A veces, cuando termino de escribir algo, me parece que me he dejado lo más importante en el tintero, pero, por más que rebusco en mi cerebro, no doy con el objeto de mi olvido y decido por fin que el escrito está cerrado.
Aunque no siempre es así, en alguna ocasión he vuelto, al cabo de un tiempo, sobre lo que había escrito y he conseguido completarlo de una manera más satisfactoria.
La memoria es una capacidad que está en buena sintonía con la creatividad siempre y cuando se otorgue el papel protagonista a la segunda. Siempre que creamos algo, lo que realmente estamos haciendo es modificar lo que ye era conocido, bien directamente, bien recombinando objetos que ya se encontraban en nuestra memoria.
Lo malo es cuando, después de haber terminado, de forma autosatisfactoria, un relato y te apetece enviarlo a un concurso literario, te encuentras que le sobran caracteres, (es curioso como se mide la extensión de los relatos cortos en los concursos), sí, caracteres incluidos los espacios. Entonces empieza el calvario: “¿de dónde quito?”, “¿cuánto he quitado ya?”, “¿tendrá sentido el texto después de esta mutilación imperdonable?”. Son preguntas que te laceran el cerebro como espinas que se clavan sin tregua.

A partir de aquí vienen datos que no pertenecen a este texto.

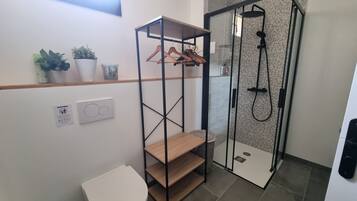 Douche, sèche-cheveux, serviettes fournies, savon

Al final tiras por la calle de enmedio y sálvese quien pueda, todo sea por ganar un concurso literario que te saque del anonimato y te lleve en volandas al paraíso de los escritores (es un decir) que, dicho sea de paso, nadie sabe donde se encuentra (igual que el paraíso terrenal).
Tal vez el mejor acto de la memoria sea el olvido.